General processing process: it takes time 30m + processing-delay problem → to easily create the dependency graph, confirm which upstream output table has no output-> copy the table name-> find the person in charge in the data map-> usually pull the group to follow up-- > wait for processing-- > synchronous or non-synchronous / follower → synchronous output is ready.

1.2 the user unconsciously uses the wrong data and takes 60m + to deal with the empty partition problem.

Processing process: need to carry on the quality control to the distribution of the final output label. There is no-> if found later-> copy the table name-> go to the person in charge in the data map-> usually pull the group to follow up-- > wait for processing-- > synchronize or out of sync / follower → backtracking data-> notify the user of the data problem.

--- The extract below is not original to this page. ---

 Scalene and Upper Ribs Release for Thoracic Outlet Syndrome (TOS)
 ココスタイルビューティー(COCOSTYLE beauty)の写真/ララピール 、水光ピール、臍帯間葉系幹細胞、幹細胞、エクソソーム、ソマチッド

1.3 the user is aware of using the wrong data first

Time spent 60m + data quality problem (number of entries, timestamp) → is generally realized only when the tag user discovers-> problem recurrence-> copy table name-> go to the data map to find the person in charge-> usually pull the group to follow up-> wait until the → synchronization or non-synchronization / follower → synchronization is finished.

1.4 data delay output problem

There are some routine data that must be produced at the xx point every day. If they are not generated well, they have to go to the person in charge of the upstream one by one to find the problem. Similar to the problems in 1.1.3, they all have to find the upstream manually.

2 ideas for solution

Based on the above problems, we find that these problems are imperfect monitoring, what should the perfect monitoring be like?

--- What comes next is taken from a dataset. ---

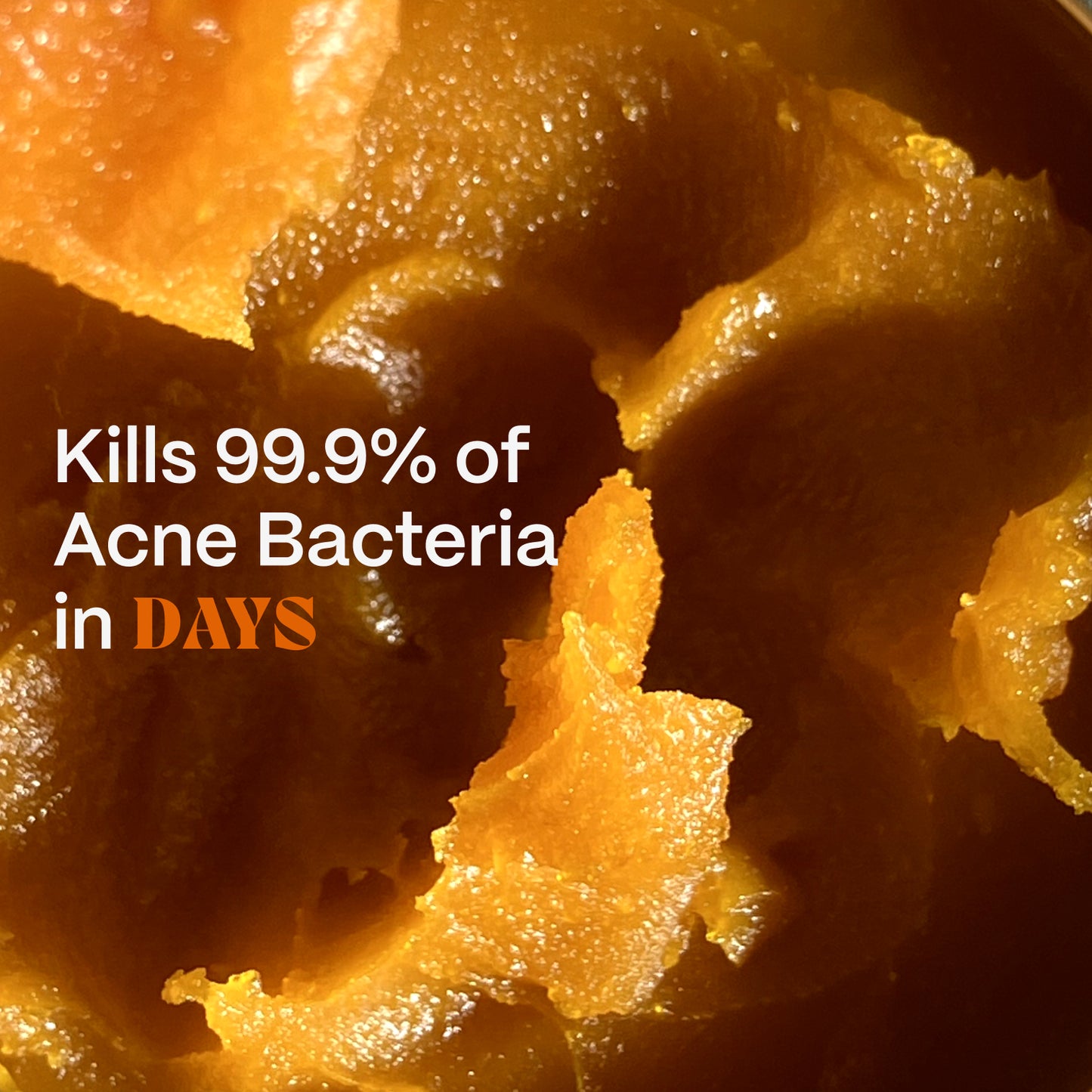 Close-up of golden Acne Killer balm texture with an on-pack acne-bacteria claim graphic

In a known problem, as long as the label distribution of the table or data is monitored, then when there is a problem, the data user and the data publisher can be automatically notified. When the problem is thrown to someone, he can choose to set the alarm to be processed, and then deal with it within the xx time. If it is not handled well, the alarm may continue to be reported, but the alarm scope may be larger, such as calling the manager in charge or emailing. Text messages, Laoquan Aite, etc. Another benefit of this is that the sla of the data is guaranteed to a certain extent, which can be checked later or used in "some special occasions" in the future.

If the requirements are as above, then the design

Monitoring is independent of the scheduling system, and the only interaction with the scheduling system is the done file, and the scheduling continues after the output of the done file.

1.2.0 Why is it based on done files?

Task dependency, for task dependency, in order to check the quality of the data source, it is necessary to configure task detection dependency for each task. There will be two problems, one is that the task detection script will be more decentralized, and the other is that many of the detection logic is similar, which can also cause script redundancy.

If the table is dependent on, and the detection location is the partition of the table, then when the data quality test passes, a partition of the table will be generated, which will eventually be added through add partition, similar to dt=xxxx/rule=check_t1_count.done.

File dependency, which is similar to table dependency, is to generate a done file. The difference is that you can call and generate done directly through the service, so it is more convenient to select the file dependency.

1.2.1 the done file consists of a unique table name + task id.done

1.2.2 single point alarm + multi-layer processing alarm, if the A meter and B meter are like, report to whom, specifically, output delay and failure alarm.

Thank you for your reading, the above is the content of "what are the data monitoring problems of done files?" after the study of this article, I believe you have a deeper understanding of the data monitoring problems of done files, and the specific use needs to be verified in practice. Here is, the editor will push for you more related knowledge points of the article, welcome to follow!

Welcome to subscribe "Shulou Technology Information " to get latest news, interesting things and hot topics in the IT industry, and controls the hottest and latest Internet news, technology news and IT industry trends.

*The comments in the above article only represent the author's personal views and do not represent the views and positions of this website. If you have more insights, please feel free to contribute and share.